Acids belong to the "sour" taste group, but their contribution to coffee goes beyond just "sourness," and not all acids result in sour tastes. The right balance of acidity adds a pleasant and complex richness to coffee. For instance, citric acid is well-known for creating sourness, while phosphoric acid contributes to sweetness. Acids also play a role in forming a coffee’s aroma.
Acids primarily contribute to fruity, spicy, fermented, and chemical flavours. The concept of acidity may not always evoke the perception of something delicious, as we tend not to scrutinise the food and beverages we consume. For instance, if you consume lemon juice alone, it might be unpleasant, but when added to a salad prepared with greens and nuts, it can provide a delightful taste.
Acids in coffee are not inherently good or bad. When examining their impact on brewed coffee, it's important to consider how they complement the coffee's intensity, body, sweetness, and other flavours, or if they create an unpleasant mismatch. In these assessments, personal preferences should be set aside. While one might prefer a coffee with a more "rounded" taste, it doesn't make a coffee with noticeable acidity bad or sour.
What Acids Are Found in Coffee?
There are various types of acids in coffee, including citric acid, malic acid, acetic acid, quinic acid, phosphoric acid, tartaric acid, and chlorogenic acid. These acids are well-known and commonly found in coffee.
We perceive these acids based on their presence in our taste memory. When you taste your coffee, an unpleasant fermented and vinegar taste indicates an imbalance and dominance of "acetic acid." A sharp, sweet, and pleasant taste resembling green apple or pear suggests a balanced presence of "malic acid." The ability to detect these flavours depends on whether they have been experienced before or not.
How Can We Make Acids Pleasant?
Several factors can contribute to experiencing unpleasant acidity, such as using unripe coffee fruit or errors made during the roasting process. However, assuming that the beans reaching us have undergone the entire process correctly, how can we avoid having coffee with a "sour" or "negative" acidity?

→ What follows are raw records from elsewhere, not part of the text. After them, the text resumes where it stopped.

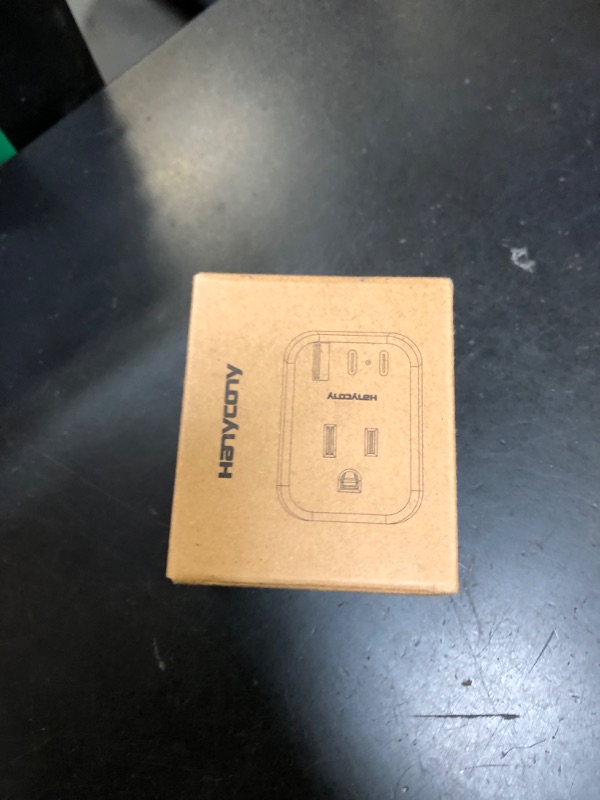 Photo 1 of HANYCONY European Travel Plug Adapter USB C, International Plug Adapter, US to Europe Adapter Plug 2 Outlets 3 USB Ports(2 C Port), Type C Power Adapter to Italy Spain France Portugal Iceland Germany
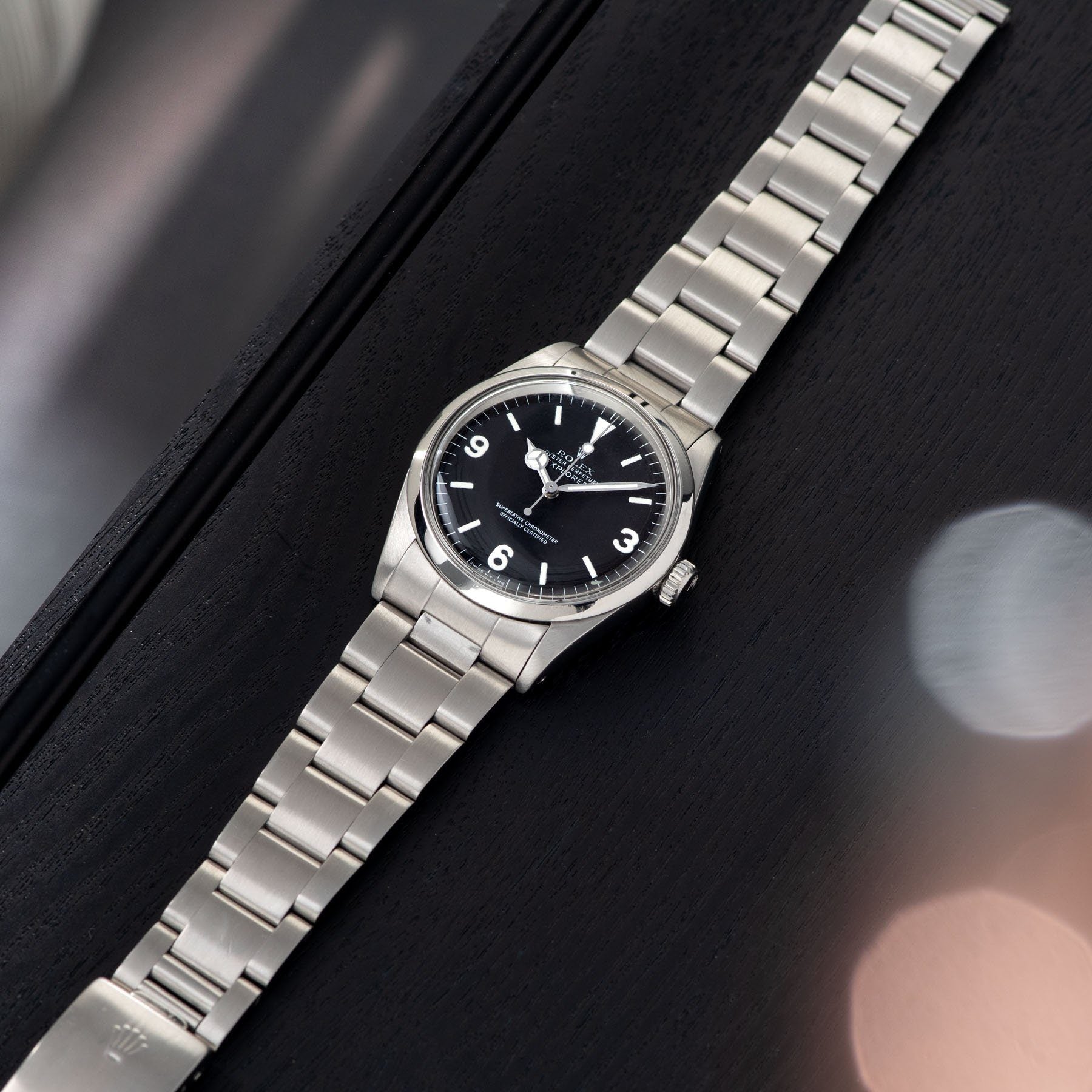 Rolex Explorer Reference 1016 L-Serial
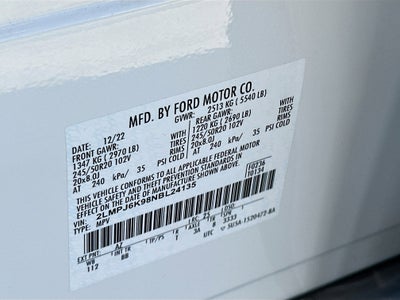 2022 Lincoln Nautilus Reserve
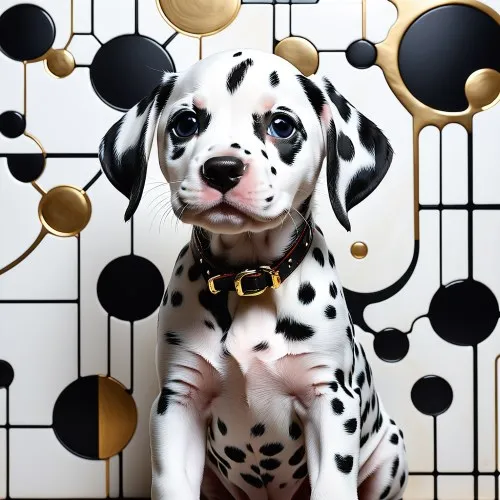 Ali Caka, Modern Style Dalmatian 4 Ali Caka, Modern Style Dalmatian 4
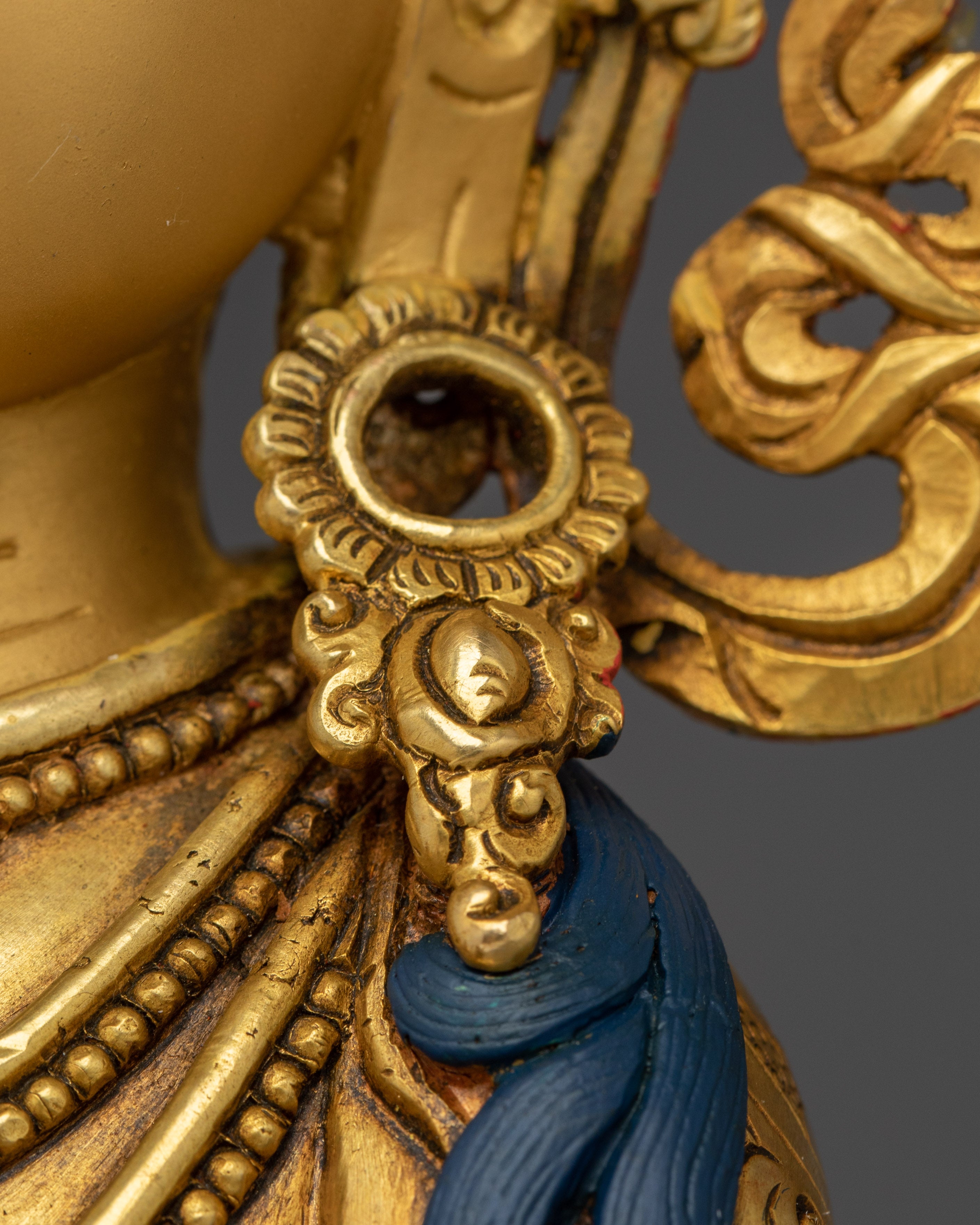 Vajradhara Buddha Handmade Statue | Buddhist Spiritual Decor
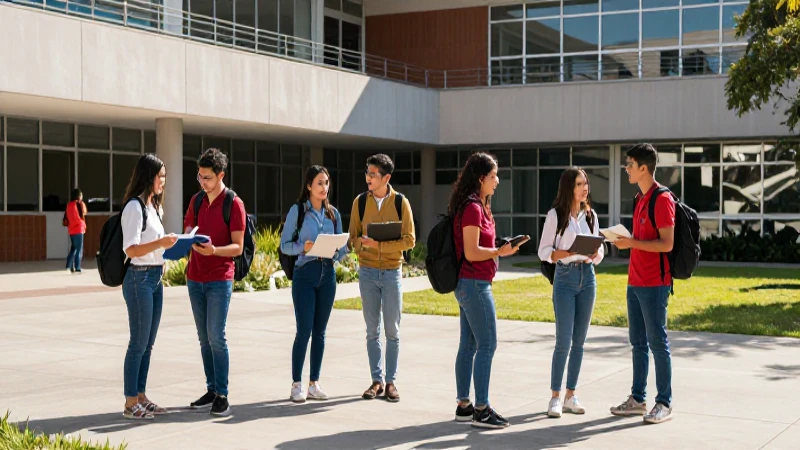 Estudiantes mexicanos colaborando exitosamente en la universidad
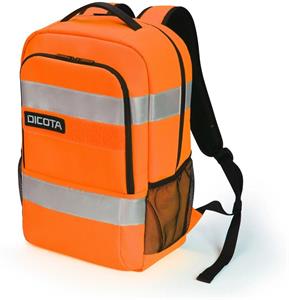 DICOTA Hi-Vis Base, batoh na notebook, 15.6", oranžový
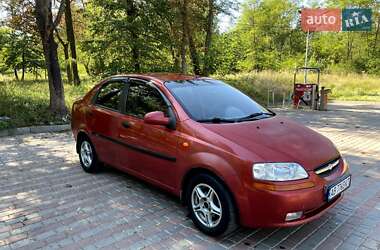 Седан Chevrolet Aveo 2005 в Вінниці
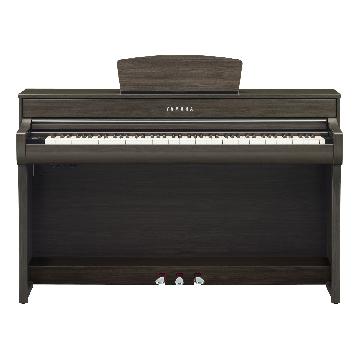 YAMAHA CLP735DW - CLAVINOVA - DIGITAL PIANO DARK WALNUT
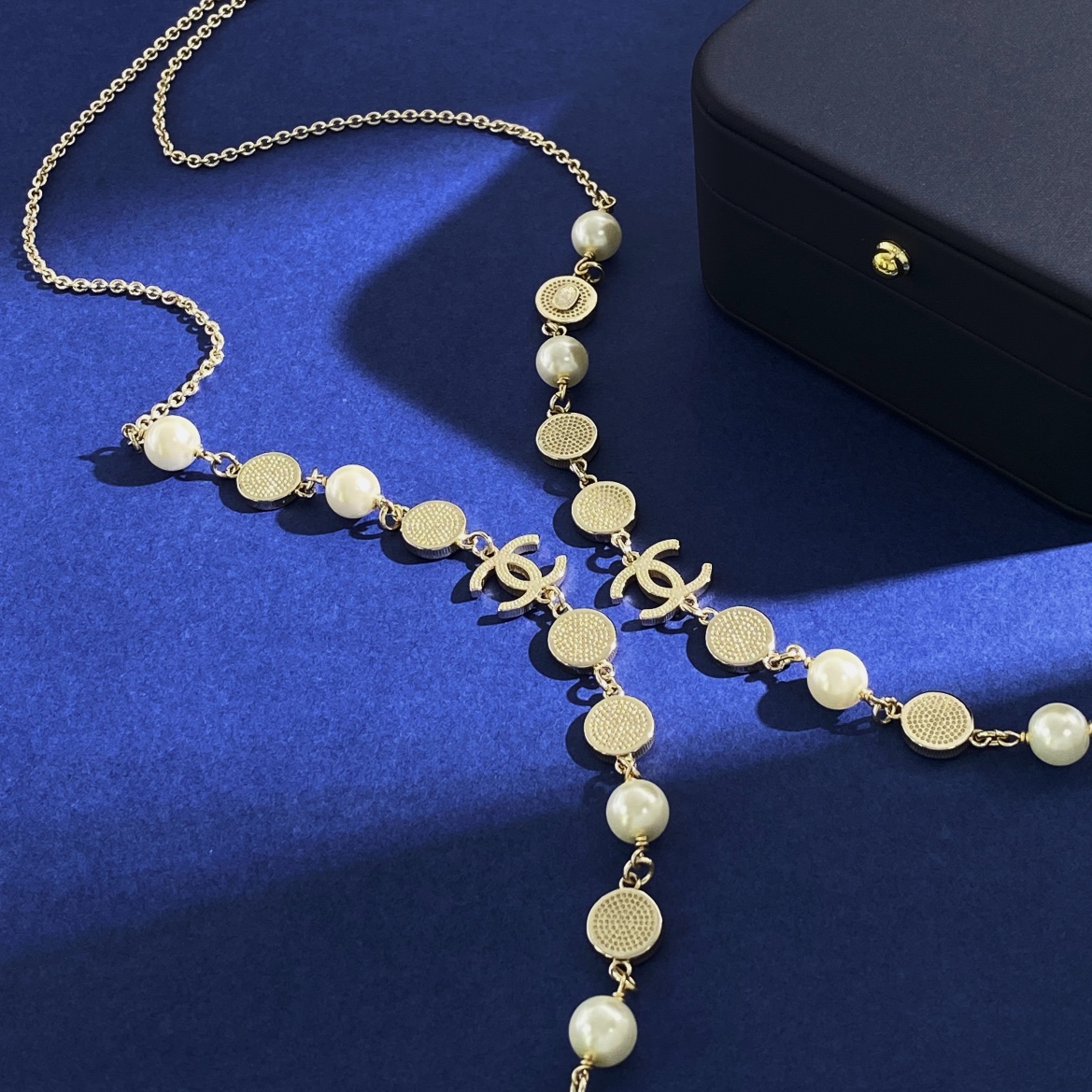 CCL332 CC long chain Necklace cc sweater chain - ccjewelryacc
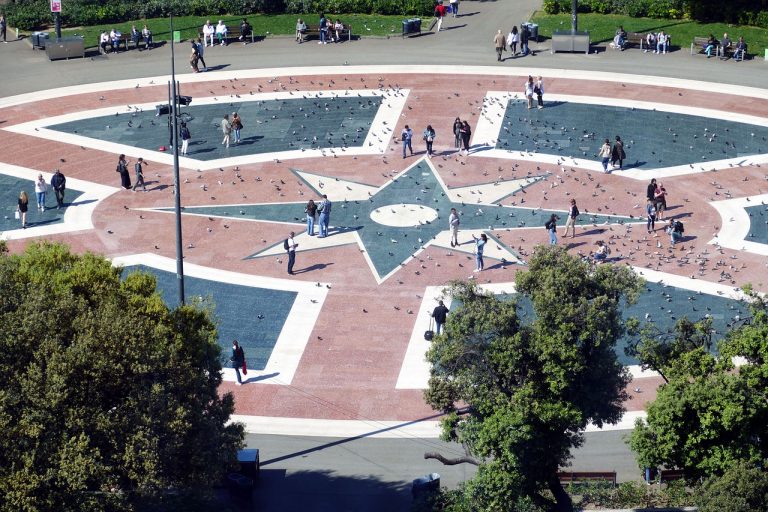 Piazza di Catalogna Barcellona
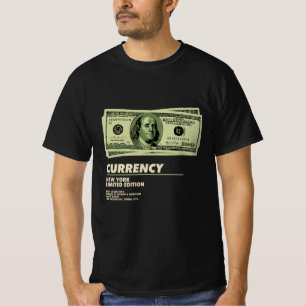Currency Limited Edition - Retro Money Ästhetik T-Shirt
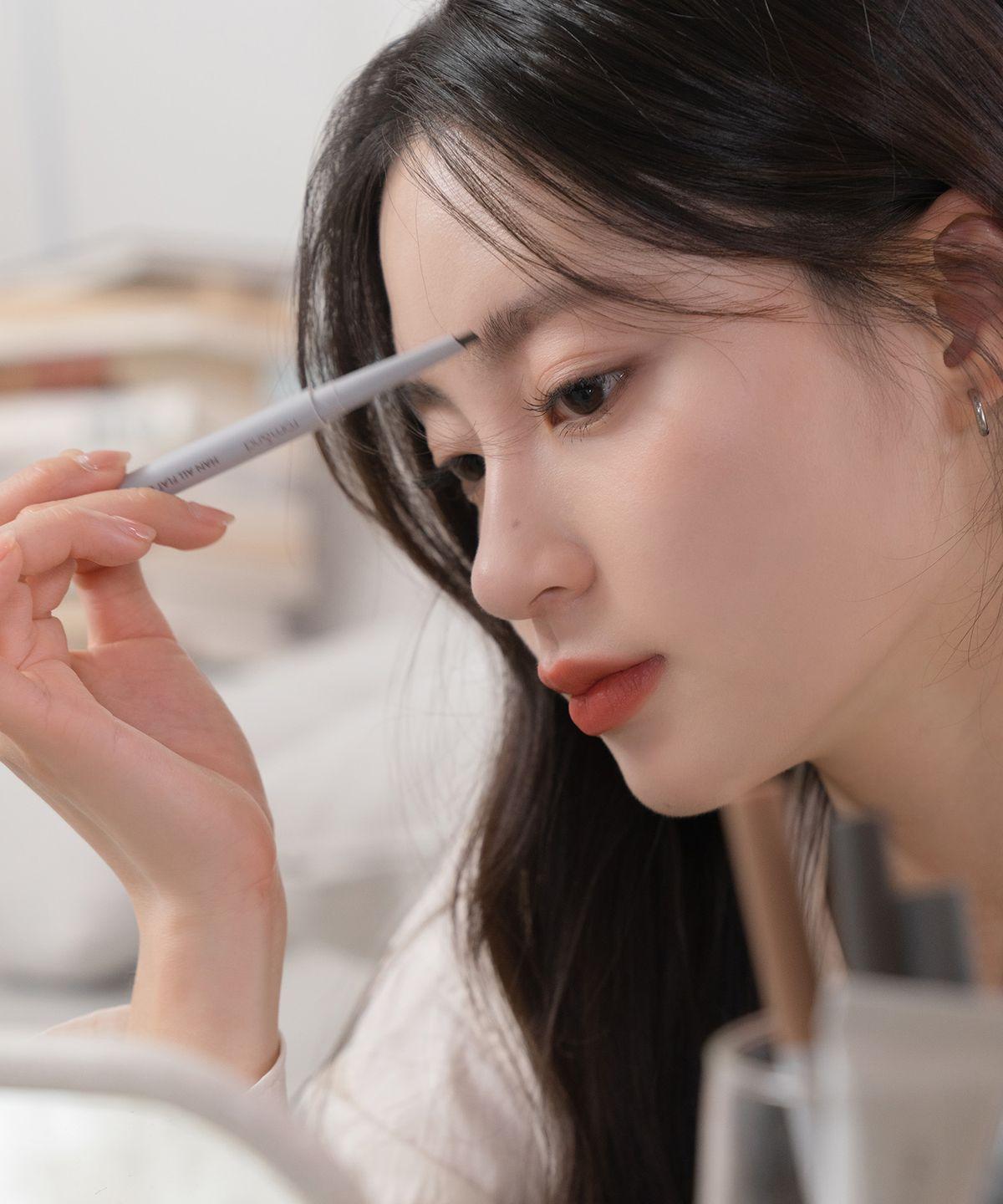 Hanol плоская бровь W1 Gentle Brown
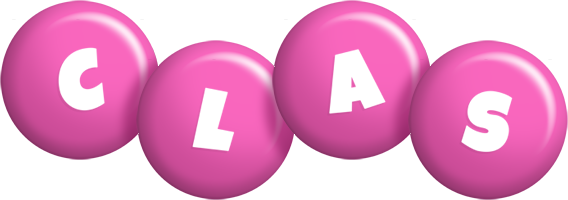 Clas candy-pink logo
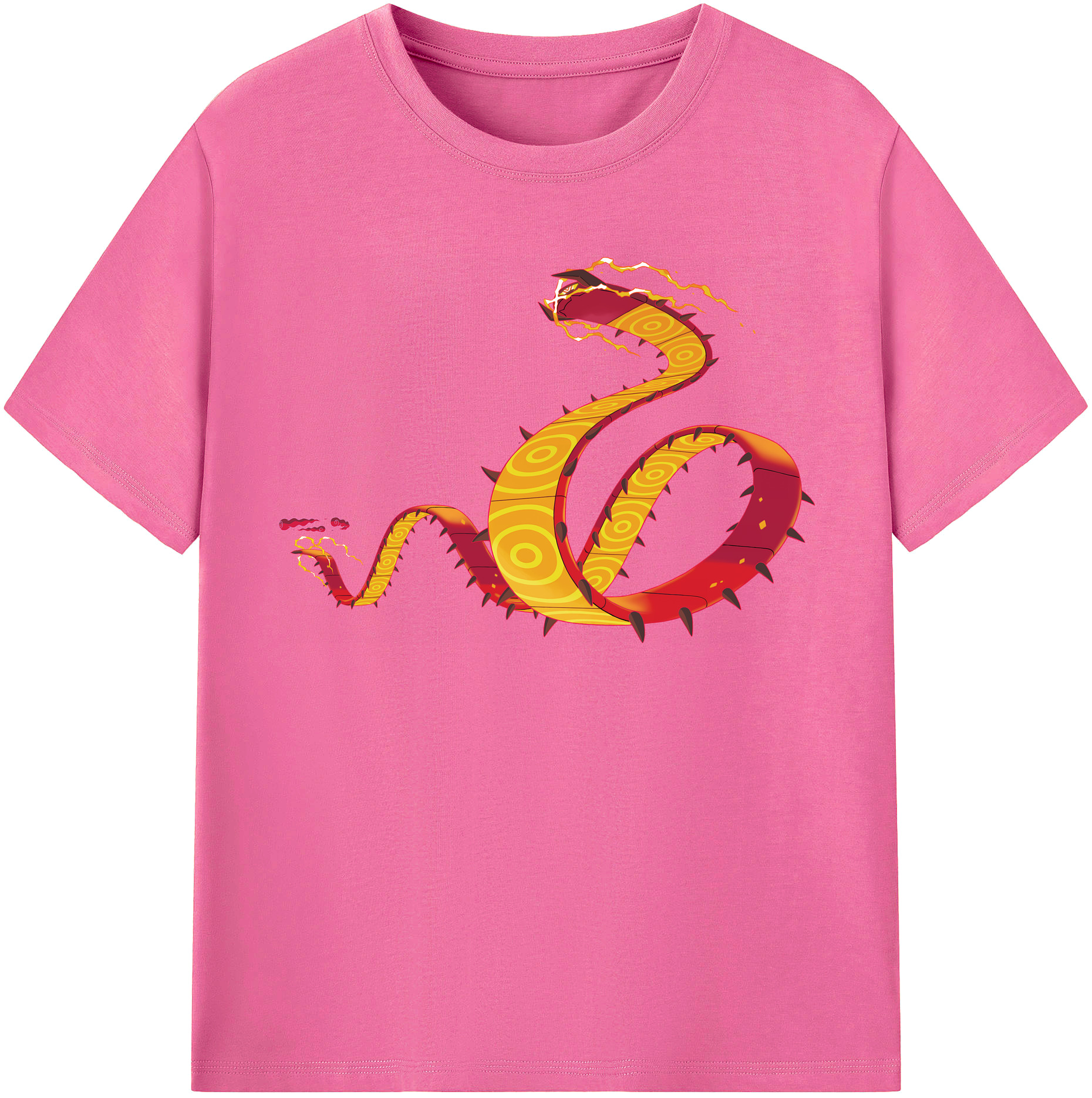 （画像用） ポケットモンスター Pokémon レディースカジュアルプリントTシャツ（綿100％）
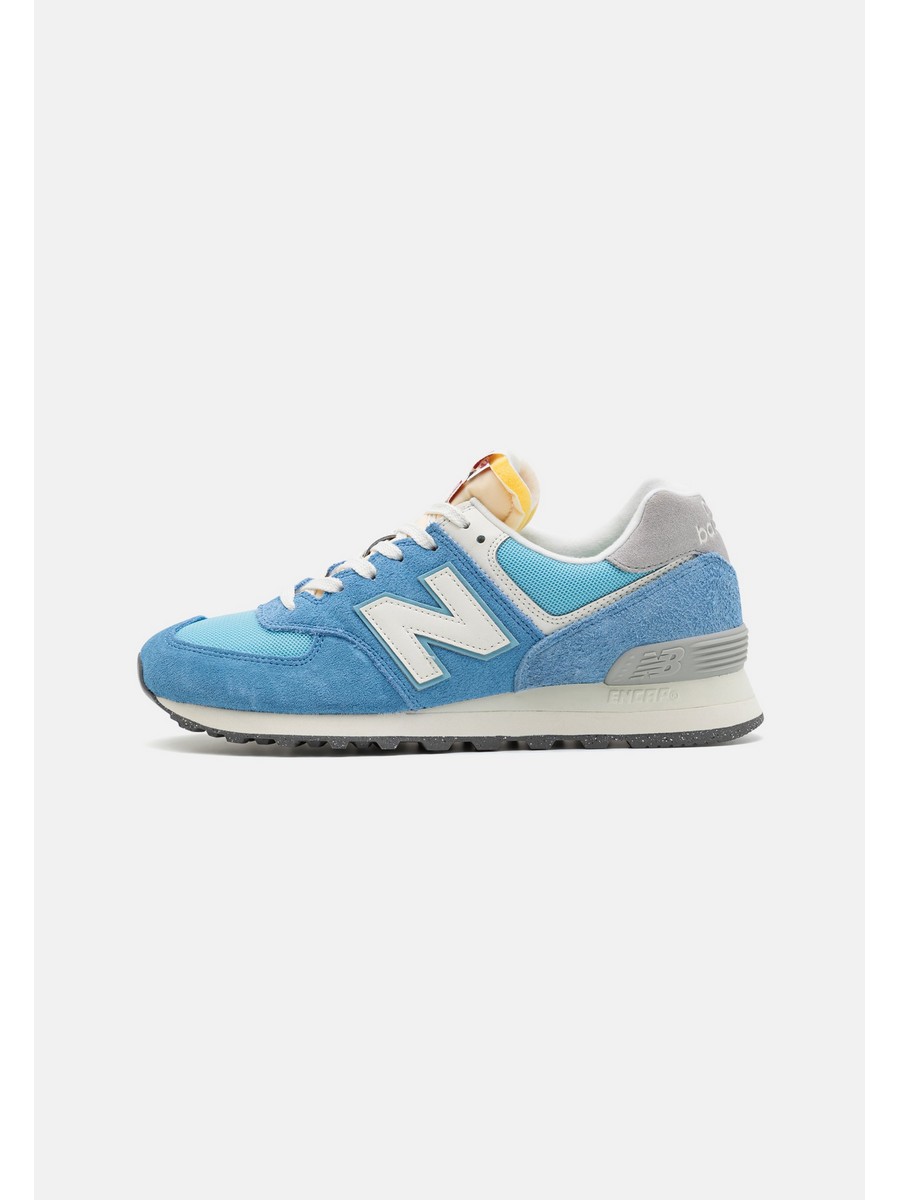 

Кроссовки мужские New Balance NB 574 синие 40 EU, Синий, NB 574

When buying coffee beans, it's important to consider the quality, price, and the reputation of roasting companies you trust. First and foremost, opt for beans with a medium or dark roasted profile, as the roasting profile significantly affects the detectability of acids. Another consideration is the altitude at which the coffee beans are grown and the associated tasting notes. If the beans have a fruity taste profile from a high-altitude region, the resulting coffee is likely to have high a level of acidity.
Another critical factor is the "brewing" method, including the brewing ratio. This area is a bit complex and involves technical knowledge. It's a fascinating and exciting topic, worthy of its own article. We will dive deeper into this topic in an upcoming article titled “Parameters Affecting Brewing”, which will be part of the "Brewing Techniques 101” series.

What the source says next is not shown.